Then you have to ask yourself–after a five-year period—whether this procrastination was worth $6,000.
I’ll admit these statistics struck a nerve with me because I’m in the midst of a major organizational project with two upstairs rooms.
My project is titled “Committing Purgery.” Note the spelling, it’s not the legal type, instead it describes my resolve to purge things that are no longer useful and taking up too much space.
The task is easier said than done, though. Like you, I’ve probably read every organizational article that comes across my radar, not to mention drooling over those beautiful organizational systems–in all those bright colors!
I’m actually an organized person overall. I’m proactive and driven, sometimes to a fault. I’ve just let a couple of rooms in my house become catchalls for books, papers and files.
Like most people, you probably have at least a few piles lying around–especially if you’re now working from home. Piles can form anywhere and they tend to multiply. Before you know it, the surface becomes crowded again.
That’s when it’s time to do some “surface mining.” It’s amazing how much a clean surface contributes to peace of mind.
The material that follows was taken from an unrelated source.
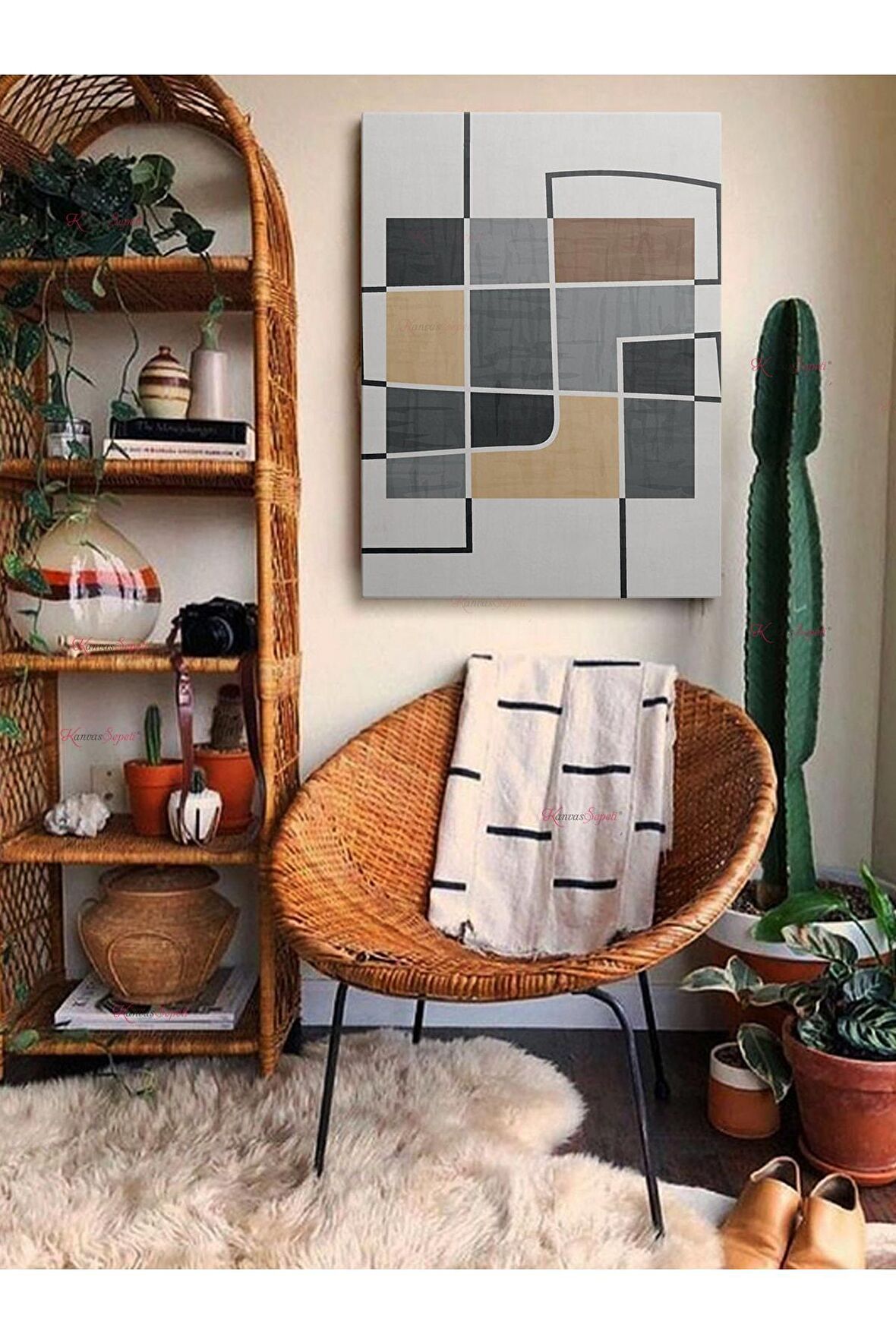 Soyut Dekoratif Vintange Retro Bohe Bohem Boho Art Vektorel Abstract Minimalist Canvas Kanvas Tablo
This is an exercise that needs to be repeated frequently, though, lest that dastardly “pile creep” beast rear its ugly head again.
Then there are the decisions of what to do with the items in the pile. Of course, we all know those systems of dealing with paper once–act on it, file it or discard it. Sometimes, however, you don’t have the time at the moment to file something.
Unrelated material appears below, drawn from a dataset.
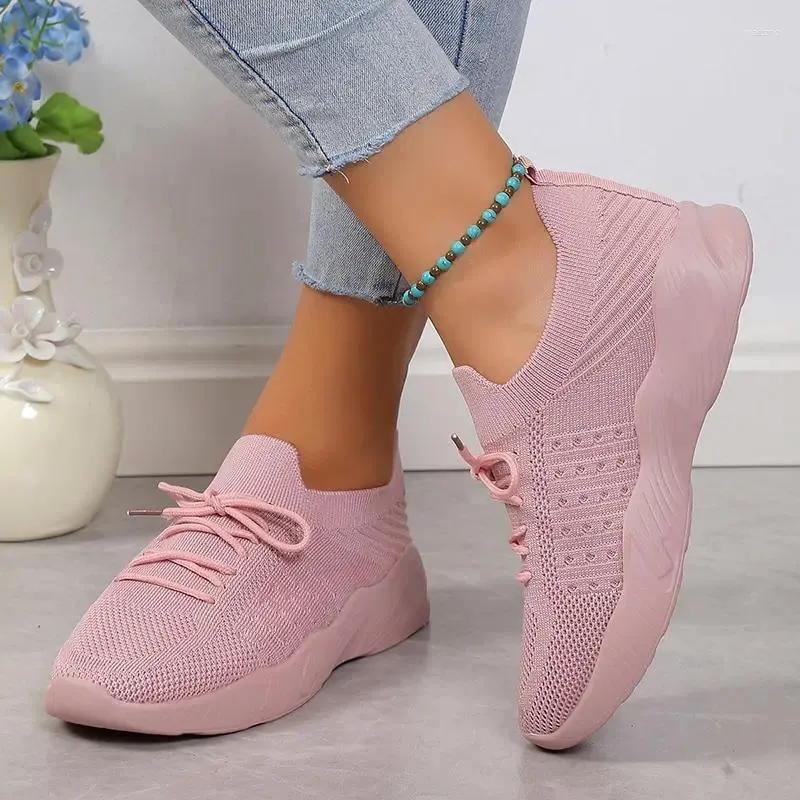 أحذية غير رسمية مريحة للسيدات أحذية رياضية خفيفة الوزن تنس حياكة للنساء 2024 شقق الخريف Zapatillas mujer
Indecision can also be a factor. You find yourself wanting to keep that program or souvenir and then it becomes a decision for later. Not to mention that precious “refrigerator art” from the kids and grandkids. Where do you file these, anyway?
My sister recently purged a lot of miscellaneous items she’s moved from house to house over the years and one of the boxes contains decades of Playbill programs from Broadway plays. They’ve moved from Washington, DC to Utah to Montana!
Looking at the calendar
Now that we’re entering the second half of the year, it may be a good time to visit those storage units. If other family members are involved, invite them to come along. Take a look at the five earlier reasons cited for holding onto things as enough time may have passed that you can deal with the contents more rationally.
You have five months before the year-end holidays. This could be the perfect gift to give one another!
Linda Arnold is a syndicated columnist, psychological counselor and founder of a multistate marketing company. Reader comments are welcome at firstname.lastname@example.org or visit www.lindaarnold.org for more information on her books.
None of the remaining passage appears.